### Data for this exercise
· · · · · · ·

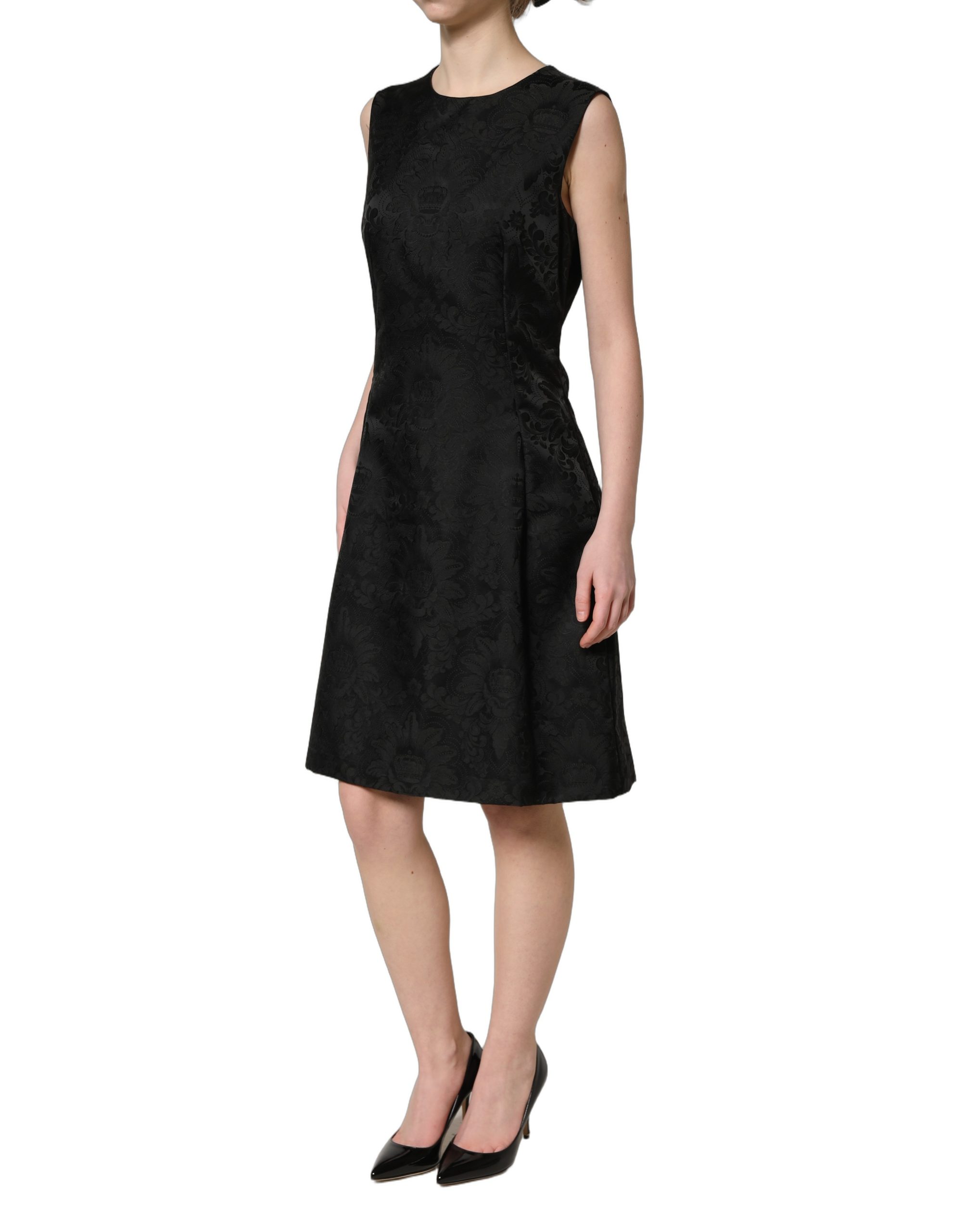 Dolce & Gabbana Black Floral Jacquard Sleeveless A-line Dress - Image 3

· · · · · · ·

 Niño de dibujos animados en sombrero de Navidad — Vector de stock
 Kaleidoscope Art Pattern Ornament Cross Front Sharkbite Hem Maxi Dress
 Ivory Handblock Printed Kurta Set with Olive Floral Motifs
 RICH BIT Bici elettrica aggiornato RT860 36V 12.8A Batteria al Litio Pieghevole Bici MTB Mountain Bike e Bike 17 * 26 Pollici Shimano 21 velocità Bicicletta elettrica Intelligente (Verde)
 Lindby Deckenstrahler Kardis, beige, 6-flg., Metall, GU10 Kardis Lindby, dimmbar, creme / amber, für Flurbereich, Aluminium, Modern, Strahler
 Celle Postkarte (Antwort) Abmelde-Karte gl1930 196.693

· · · · · · ·

### Activity
All that is wanted is the stretch of lines above from the one containing "Lindby Deckenstrahler Kardis, beige, 6-flg., Metall, GU10" through the one containing "Celle Postkarte (Antwort)", duplicated exactly.

### Answer area
 Lindby Deckenstrahler Kardis, beige, 6-flg., Metall, GU10 Kardis Lindby, dimmbar, creme / amber, für Flurbereich, Aluminium, Modern, Strahler
 Celle Postkarte (Antwort) Abmelde-Karte gl1930 196.693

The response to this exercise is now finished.